22 year-old Washington, D.C. rapper Goldlink made serious waves with his 2014 mixtape The God Complex, where he managed to find a bright, upbeat middle ground between house music and hip hop, mixing soft production (the kind that would make you think of Kaytranda, or SBTRKT) with hard, street-savvy rhymes. Last year’s And After That, We Didn’t Talk saw those rhymes coloured with emotional detail, with Goldlink venturing more into R & B territory, and singing a fair bit.
It’s in that house / R & B realm that Goldlink and Australian singer songwriter George Maple share a common thread – Maple’s soulful voice is prime for an R & B cut, and her solid house resume features strong vocal features on productions for smooth-dance acts like Flight Facilities and Snakehips. Her more recent work singing with the more heavier trap style of What So Not brings her even closer into Goldlink’s trap/rap realm.
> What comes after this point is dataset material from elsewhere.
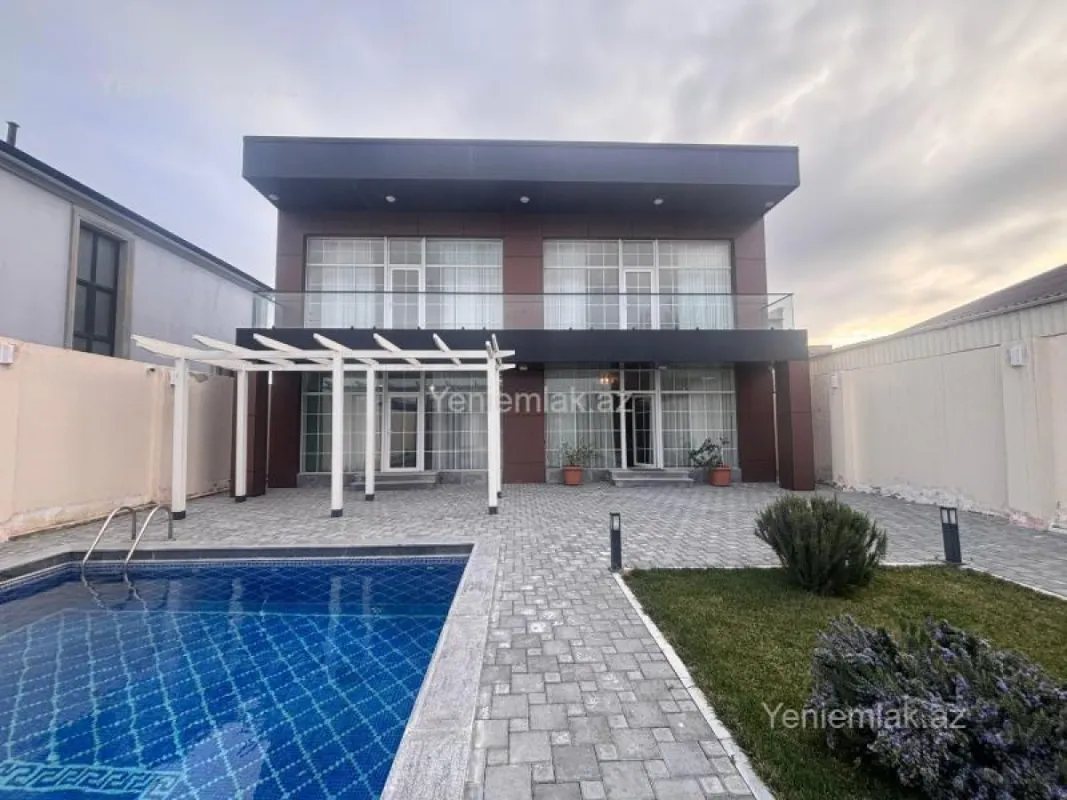 Satılır 4 otaqlı həyət evi 330 m²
Given the above, Goldlink and Maple are not as unexpected a pairing as you might think – and on Maple’s new track Sticks and Horses, they show us exactly how well they make it work; contrasting the hard and soft elements of both of their music styles with skill; with Noah Breakfast, WILLIS and What So Not rounding out a compelling production.
The accompanying racy video clip, which is partly shot in red and pink hues reminiscent of Goldlink’s video clips, locates itself in typical rap video territory - open desert, stripclubs, shady boudoirs – and depicts a scantily-clad Maple writhing about on a bed covered in cash. Then she's tucking money into the G-strings of strippers, then there's some kidnapping-type story line where she gags a guy and rubs up against him in leather and shoves a gun in his face. As far as ‘strip club revenge’ video clips go, it kind of comes across as uninspired - a poor man’s version of Rihanna’s Bitch Better Have My Money - and feels inauthentic, despite Maple’s more recent aesthetic foray into a bondage-fashion driven style. Which is a shame, because this is an inspired and authentic song.